Tech Stack & Deployment
The project is intended to be self-hostable, with a managed deployment option as a follow-on. Building on Apache 2.0 / BSD-3-Clause components such as OpenSearch, Qdrant, Weaviate, and FAISS, plus Lucene-derived indexing, avoids the licence restrictions that affect Elasticsearch, Meilisearch, and Typesense. Reciprocal Rank Fusion is in the public domain and HNSW is published in the academic literature with no known patent encumbrance. Integration follows the now-standard pattern of a REST API with an OpenAPI 3.1 spec, official Python and JavaScript SDKs, and native vector-store integrations with LangChain and LlamaIndex.
Market Context
Hybrid search combining semantic and keyword retrieval has become the dominant pattern in enterprise and developer-facing search products as of 2025-2026, with RAG-based summarisation now table-stakes for AI search products. Incumbent pricing ranges from Algolia NeuralSearch at $50K+/yr (Elevate tier) to Perplexity Sonar at $5 per 1,000 search requests, with Elasticsearch and Azure AI Search gating advanced features behind paid tiers. Primary buyers are engineering teams building search into SaaS products, knowledge-base and documentation teams, and enterprise platform groups deploying RAG over internal corpora.
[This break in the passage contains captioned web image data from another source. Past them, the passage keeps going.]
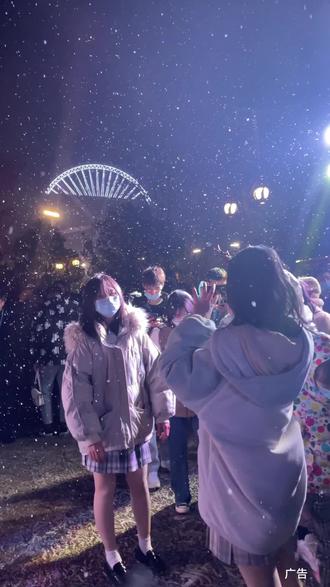 双园通玩超尽兴!木筏远征的刺激+海底隧道的浪漫,一天玩不够#桂林融创春节免费送黄金 #桂林春节去哪玩 #桂林融创邀你欢乐加码过大年 #桂林必打卡海豚亲子时刻 #桂林融创国际旅游度假区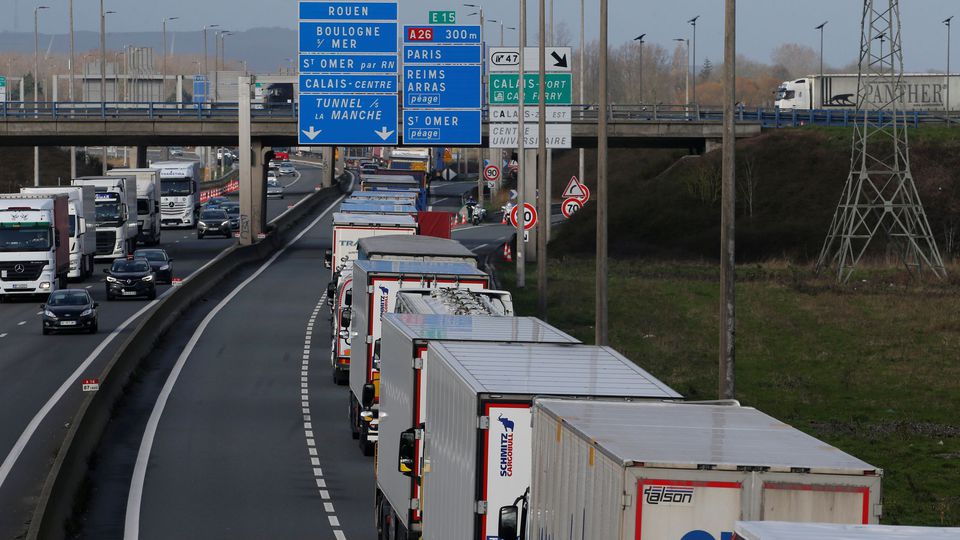 Doi șoferi români au șocat Franța. Au fost la un pas să repete drama din Marea Britanie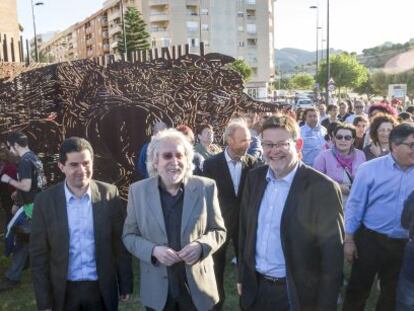 El escultor Antoni Mir&oacute;, junto a Ximo Puig, entre otros, en el acto de defensa de la obra sobre la batalla de Almansa en Gandia.
 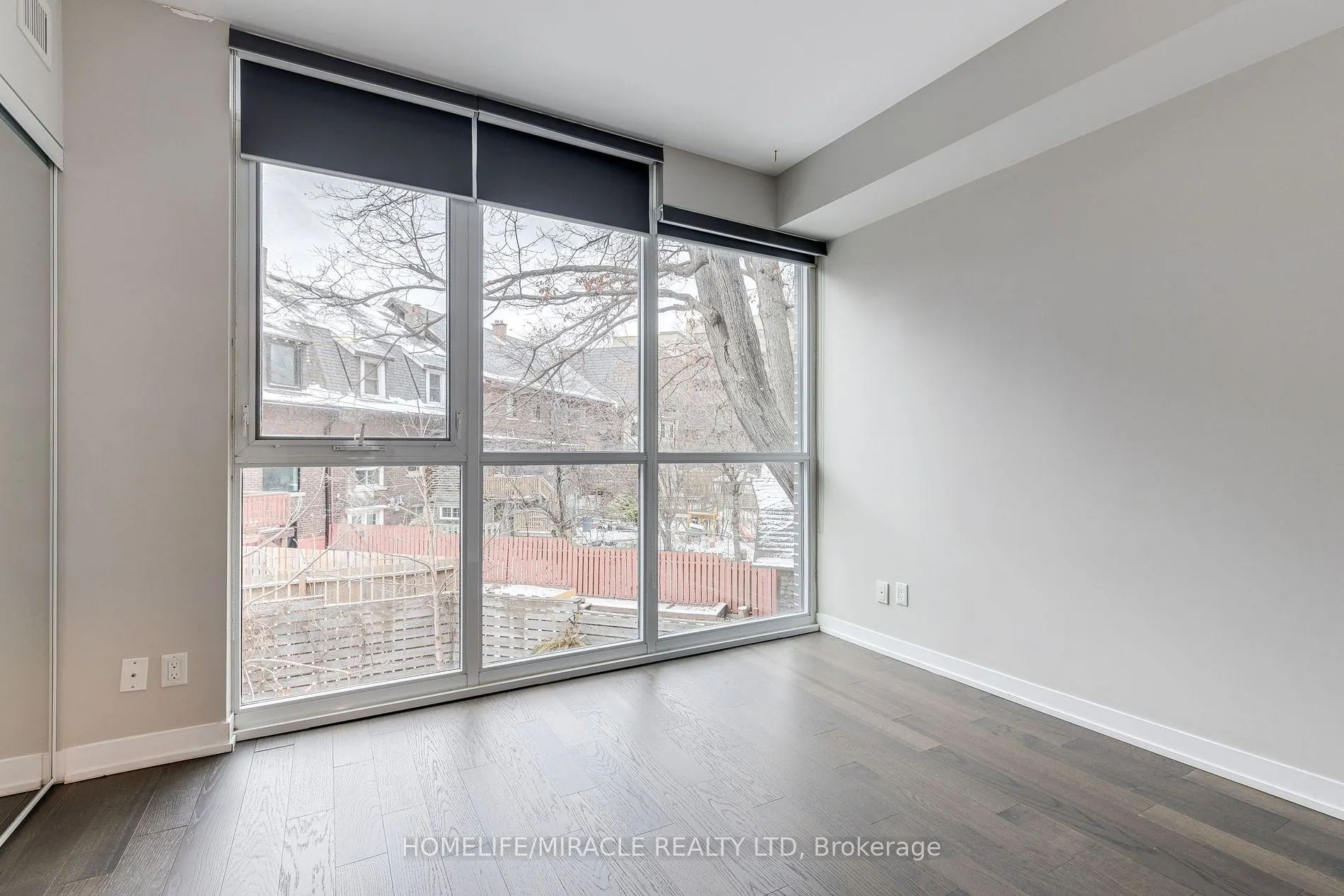 38 Howard Park Ave, #155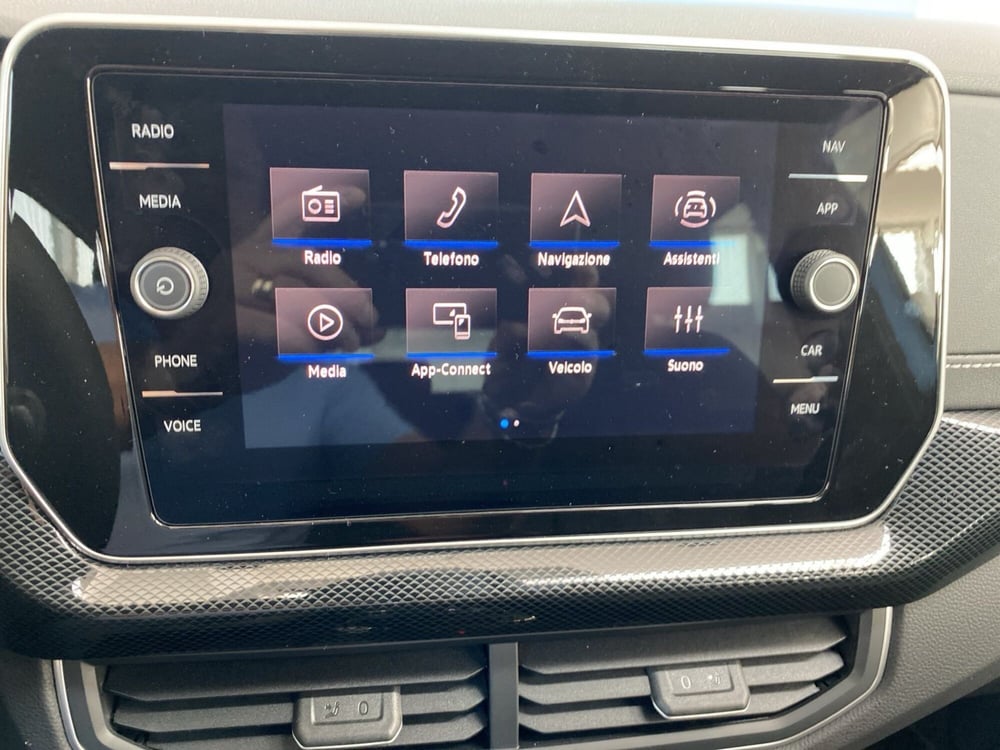 Volkswagen T-Cross nuova a Lodi (14)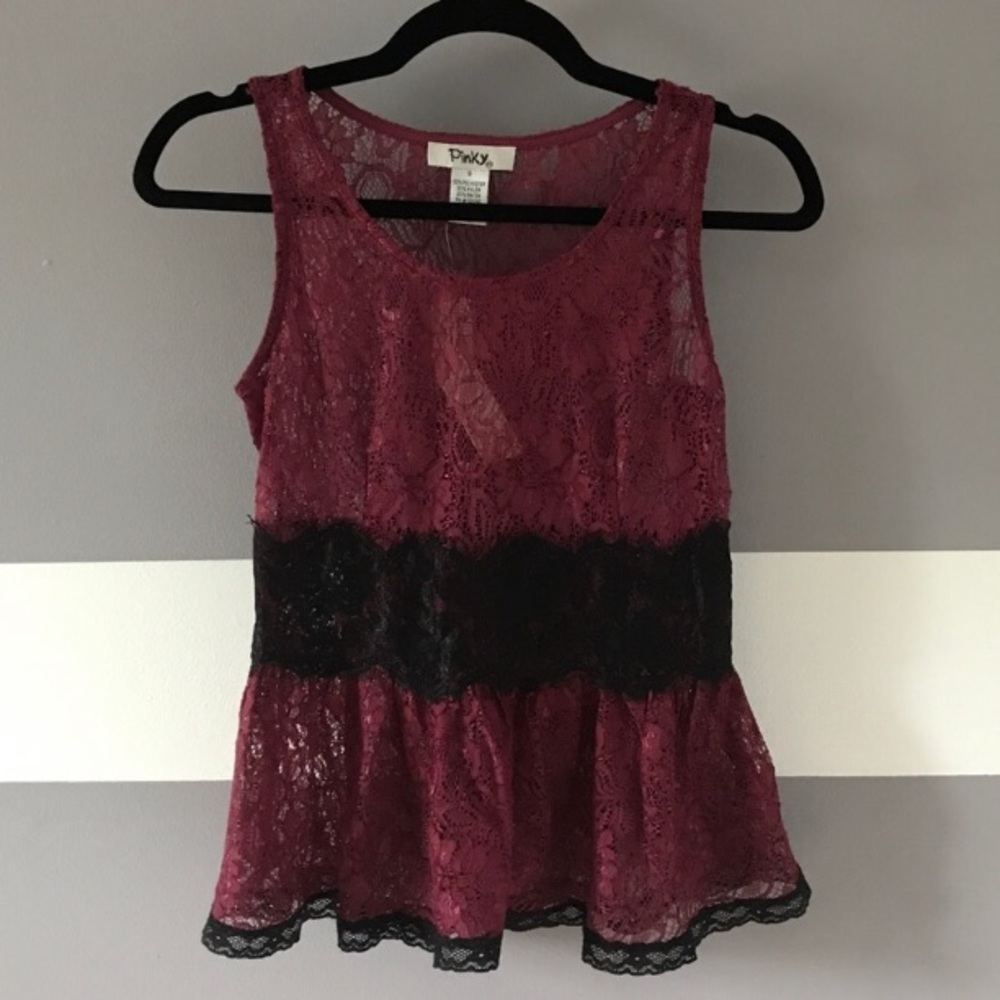 🆕NWT See-through Lace Top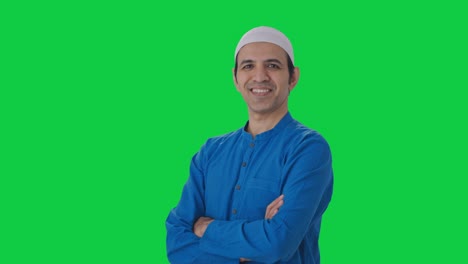 Porträt-Eines-Glücklichen-Muslimischen-Mannes,-Der-Mit-Gekreuzten-Händen-Auf-Grünem-Bildschirm-Steht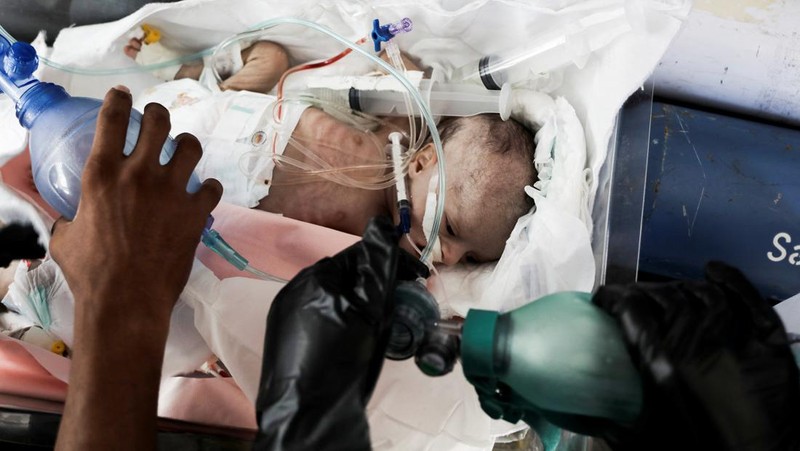 Petugas membawa bayi-bayi prematur Palestina yang dievakuasi dari Rumah Sakit Al-Aqsa ke Rumah Sakit Nasser Khan Younis, menyusul perintah evakuasi untuk wilayah sekitar Rumah Sakit Al-Aqsa di tengah konflik Israel-Hamas, di Deir Al-Balah di Jalur Gaza tengah, 26 Agustus 2024. (REUTERS/Abd elhkeem Khaled)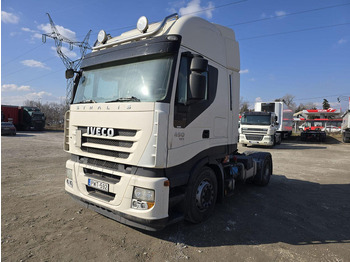 Vetopöytäauto IVECO Stralis 450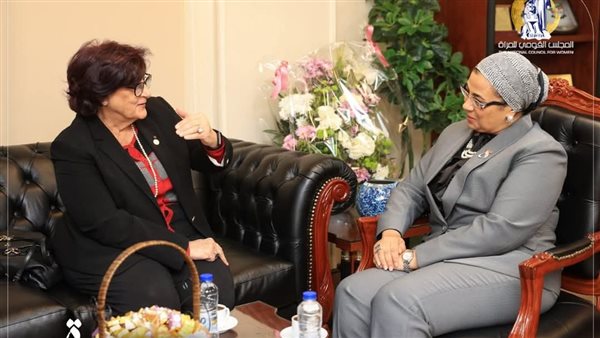  أمل عمار تستقبل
Candidate metadata: complexity 6/10, domain availability High, demand High (Knowledge & Information category).
Project Status
This project is in the research and specification phase.
Contributions, feedback, and domain expertise are welcome.
Contributing
We welcome contributions from developers, domain experts, and potential users. See CONTRIBUTING.md for guidelines.
Important: All contributions must be your own original work or clearly attributed open-source material with a compatible licence. Copyright infringement and licence violations will not be tolerated and will result in immediate removal of the offending contribution. If you are unsure whether a piece of code, text, or other material is safe to contribute, open an issue and ask before submitting.
Licence
Licence to be determined. See discussion for context.